Task directions -
Go to the line holding "8118 S Rhodes Avenue, Chicago, IL 60619" in the entries below and write out exactly every line down to and including the line holding "Henry Road, Beeston, NG9".

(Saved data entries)
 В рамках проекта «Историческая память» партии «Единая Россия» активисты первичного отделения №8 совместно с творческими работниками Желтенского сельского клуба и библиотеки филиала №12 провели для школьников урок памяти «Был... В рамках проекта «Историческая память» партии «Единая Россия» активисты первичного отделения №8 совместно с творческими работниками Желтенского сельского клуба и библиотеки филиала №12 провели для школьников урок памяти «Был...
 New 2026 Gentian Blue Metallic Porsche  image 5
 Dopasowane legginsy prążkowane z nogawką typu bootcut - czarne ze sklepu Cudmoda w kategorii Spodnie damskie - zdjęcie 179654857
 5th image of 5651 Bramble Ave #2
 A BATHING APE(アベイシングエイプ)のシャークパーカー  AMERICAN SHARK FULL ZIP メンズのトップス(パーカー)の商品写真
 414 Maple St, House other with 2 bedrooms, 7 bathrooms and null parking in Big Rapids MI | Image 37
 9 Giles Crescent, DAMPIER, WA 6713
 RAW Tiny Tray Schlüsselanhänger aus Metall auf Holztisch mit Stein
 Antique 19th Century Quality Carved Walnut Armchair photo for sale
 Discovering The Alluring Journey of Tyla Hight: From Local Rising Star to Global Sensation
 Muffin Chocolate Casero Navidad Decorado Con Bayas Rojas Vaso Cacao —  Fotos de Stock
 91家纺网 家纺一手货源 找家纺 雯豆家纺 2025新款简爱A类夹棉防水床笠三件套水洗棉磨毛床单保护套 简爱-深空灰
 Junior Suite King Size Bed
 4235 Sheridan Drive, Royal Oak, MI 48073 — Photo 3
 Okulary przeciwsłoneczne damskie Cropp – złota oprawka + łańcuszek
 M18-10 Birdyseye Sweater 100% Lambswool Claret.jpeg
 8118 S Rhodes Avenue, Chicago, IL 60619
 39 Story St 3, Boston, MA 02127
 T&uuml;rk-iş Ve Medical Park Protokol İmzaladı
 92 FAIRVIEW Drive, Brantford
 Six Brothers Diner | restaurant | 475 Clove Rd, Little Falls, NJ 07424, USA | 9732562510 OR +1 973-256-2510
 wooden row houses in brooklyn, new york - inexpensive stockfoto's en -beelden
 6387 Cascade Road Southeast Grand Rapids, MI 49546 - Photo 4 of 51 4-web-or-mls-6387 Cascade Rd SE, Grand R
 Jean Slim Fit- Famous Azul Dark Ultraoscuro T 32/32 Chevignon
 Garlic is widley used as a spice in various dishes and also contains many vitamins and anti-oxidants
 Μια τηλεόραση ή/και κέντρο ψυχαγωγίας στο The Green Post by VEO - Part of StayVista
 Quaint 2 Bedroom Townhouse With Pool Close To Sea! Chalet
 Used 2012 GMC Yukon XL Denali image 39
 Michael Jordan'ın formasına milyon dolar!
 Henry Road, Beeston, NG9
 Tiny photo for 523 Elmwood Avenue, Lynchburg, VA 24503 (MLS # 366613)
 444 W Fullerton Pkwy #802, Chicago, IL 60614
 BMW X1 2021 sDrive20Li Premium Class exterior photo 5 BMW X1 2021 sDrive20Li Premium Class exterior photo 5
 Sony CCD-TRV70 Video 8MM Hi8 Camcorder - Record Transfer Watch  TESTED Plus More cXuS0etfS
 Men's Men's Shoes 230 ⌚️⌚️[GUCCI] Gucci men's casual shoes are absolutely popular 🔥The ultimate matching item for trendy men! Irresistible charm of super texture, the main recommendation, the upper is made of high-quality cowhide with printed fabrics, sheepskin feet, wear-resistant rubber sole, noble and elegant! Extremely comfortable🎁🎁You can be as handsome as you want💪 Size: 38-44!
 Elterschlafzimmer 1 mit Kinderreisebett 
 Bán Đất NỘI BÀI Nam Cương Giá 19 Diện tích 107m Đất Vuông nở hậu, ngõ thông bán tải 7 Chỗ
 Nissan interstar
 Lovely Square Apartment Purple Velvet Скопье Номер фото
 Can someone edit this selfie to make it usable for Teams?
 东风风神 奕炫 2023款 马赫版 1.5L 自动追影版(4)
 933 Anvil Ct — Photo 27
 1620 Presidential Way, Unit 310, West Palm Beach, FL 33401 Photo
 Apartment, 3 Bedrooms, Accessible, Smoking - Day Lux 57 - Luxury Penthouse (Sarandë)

Result -
 8118 S Rhodes Avenue, Chicago, IL 60619
 39 Story St 3, Boston, MA 02127
 T&uuml;rk-iş Ve Medical Park Protokol İmzaladı
 92 FAIRVIEW Drive, Brantford
 Six Brothers Diner | restaurant | 475 Clove Rd, Little Falls, NJ 07424, USA | 9732562510 OR +1 973-256-2510
 wooden row houses in brooklyn, new york - inexpensive stockfoto's en -beelden
 6387 Cascade Road Southeast Grand Rapids, MI 49546 - Photo 4 of 51 4-web-or-mls-6387 Cascade Rd SE, Grand R
 Jean Slim Fit- Famous Azul Dark Ultraoscuro T 32/32 Chevignon
 Garlic is widley used as a spice in various dishes and also contains many vitamins and anti-oxidants
 Μια τηλεόραση ή/και κέντρο ψυχαγωγίας στο The Green Post by VEO - Part of StayVista
 Quaint 2 Bedroom Townhouse With Pool Close To Sea! Chalet
 Used 2012 GMC Yukon XL Denali image 39
 Michael Jordan'ın formasına milyon dolar!
 Henry Road, Beeston, NG9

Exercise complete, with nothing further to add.